BÉATRICE. – Bonjour, ma chère Héro.
HÉRO. – Comment donc! vous parlez sur un ton mélancolique.
BÉATRICE. – Je suis hors de tous les autres tons, il me semble.
MARGUERITE. – Entonnez-nous l’air de Lumière d’amour [35] . Il se chante sans refrain; vous chanterez, moi je danserai.
BÉATRICE. – Oui! Vos talons sont-ils exercés à la mesure de Lumière d’amour? Oh! bien, si votre mari a assez de greniers, vous verrez à ce qu’il ne manque pas de grains [36].
MARGUERITE. – Ô interprétation maligne! Mais j’en ris, les talons en l’air.
BÉATRICE. – Il est près de cinq heures, ma cousine; vous devriez être déjà prête. – Sérieusement, je me sens bien mal. Hélas!

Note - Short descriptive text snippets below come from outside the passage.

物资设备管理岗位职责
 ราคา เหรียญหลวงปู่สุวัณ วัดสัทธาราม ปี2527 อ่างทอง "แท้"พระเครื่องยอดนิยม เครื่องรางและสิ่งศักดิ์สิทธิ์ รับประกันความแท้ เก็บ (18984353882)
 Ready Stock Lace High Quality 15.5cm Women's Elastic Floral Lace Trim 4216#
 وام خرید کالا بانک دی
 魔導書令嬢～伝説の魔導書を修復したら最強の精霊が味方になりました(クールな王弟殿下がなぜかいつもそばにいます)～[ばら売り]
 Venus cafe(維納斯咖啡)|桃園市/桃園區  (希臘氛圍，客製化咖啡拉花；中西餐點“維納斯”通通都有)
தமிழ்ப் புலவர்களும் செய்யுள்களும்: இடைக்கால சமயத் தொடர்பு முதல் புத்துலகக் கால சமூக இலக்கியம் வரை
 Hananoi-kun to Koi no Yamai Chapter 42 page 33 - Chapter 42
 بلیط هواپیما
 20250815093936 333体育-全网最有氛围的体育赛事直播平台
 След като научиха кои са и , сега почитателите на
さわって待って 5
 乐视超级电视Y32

MARGUERITE. – De quoi? – Un faucon, un cheval, ou un mari [37].
BÉATRICE. – Oh! celui des trois qui commence par un M [38].
MARGUERITE. – Eh bien! Si vous ne vous êtes pas faite turque [39], on ne peut plus faire voiles sur la foi des étoiles.
BÉATRICE. – Voyons; que veut dire cette folle?
MARGUERITE. – Rien du tout; mais Dieu veuille envoyer à chacun le désir de son cœur!
HÉRO. – Ces gants, que le comte m’a envoyés, ont un parfum délicieux.
BÉATRICE. – Je suis enchiffrenée, cousine; je ne sens rien.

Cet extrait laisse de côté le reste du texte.